DATASET EXTRACT
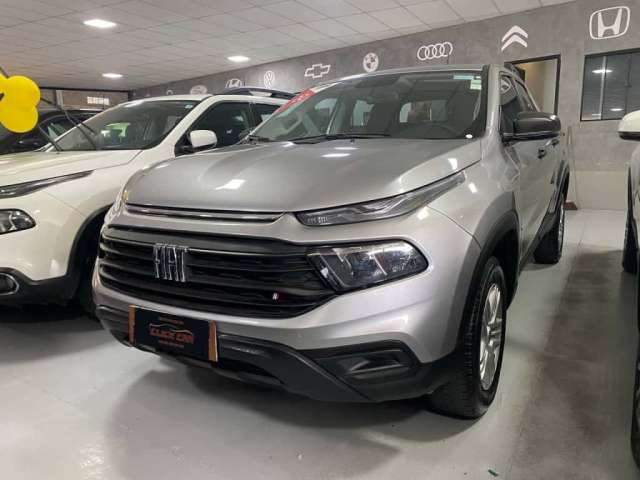 Fiat Toro 2022 1.3 turbo 270 flex endurance at6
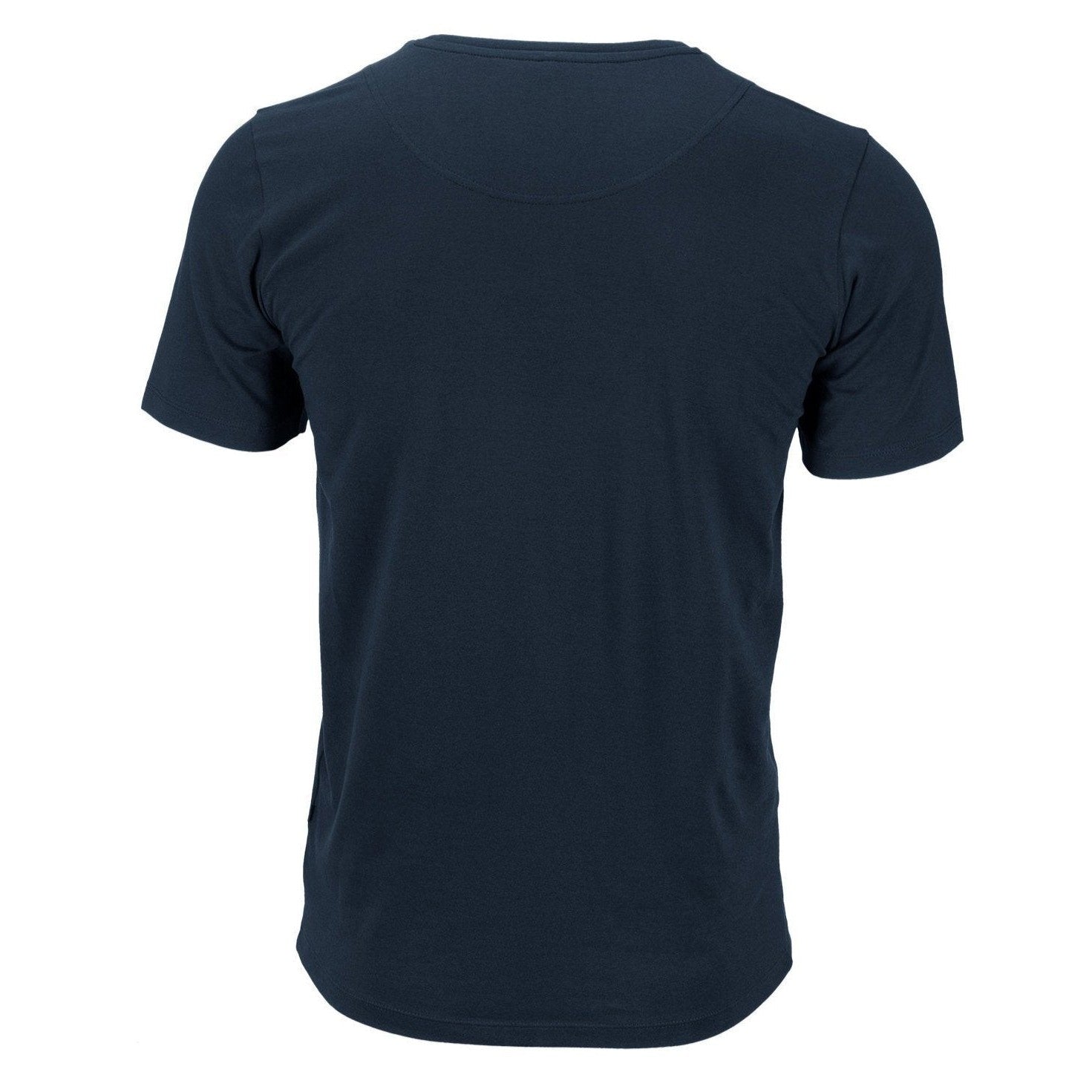 Nimbus Montauk  The Essential Tee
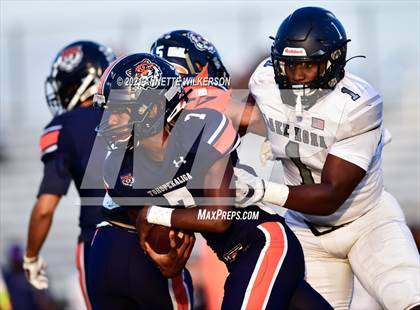 Thumbnail 3 in Lake Nona @ Tohopekaliga photogallery.
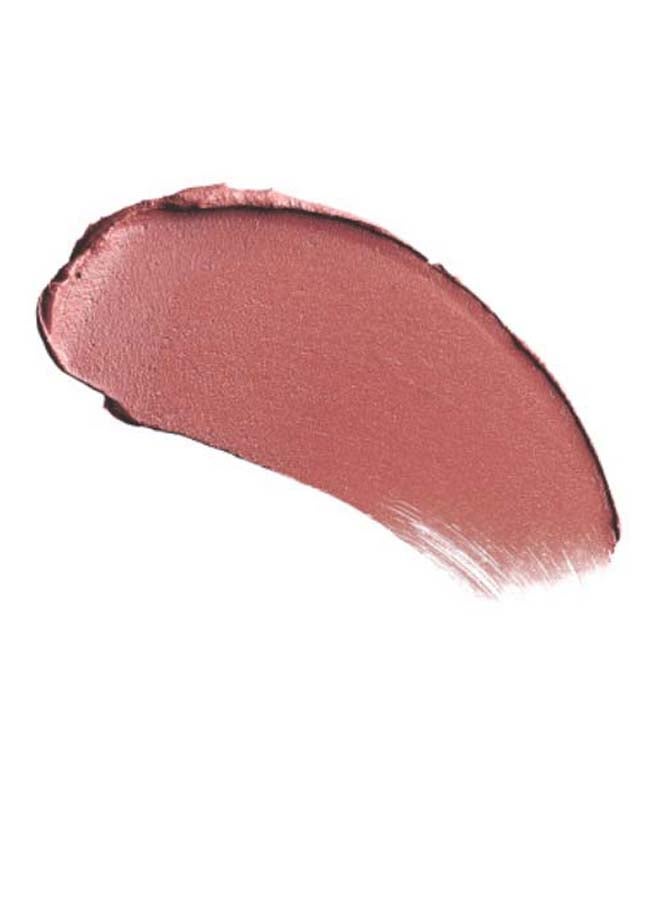 Charlotte Tilbury - Revolution Matte Lipstick Very Victoria - Image 1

TASK ITEM
If a picture appears in the data, omit it; transcribe all the rest exactly.

RESPONSE TO THE TASK
 Fiat Toro 2022 1.3 turbo 270 flex endurance at6
 Nimbus Montauk  The Essential Tee
 Thumbnail 3 in Lake Nona @ Tohopekaliga photogallery.
 Charlotte Tilbury - Revolution Matte Lipstick Very Victoria - Image 1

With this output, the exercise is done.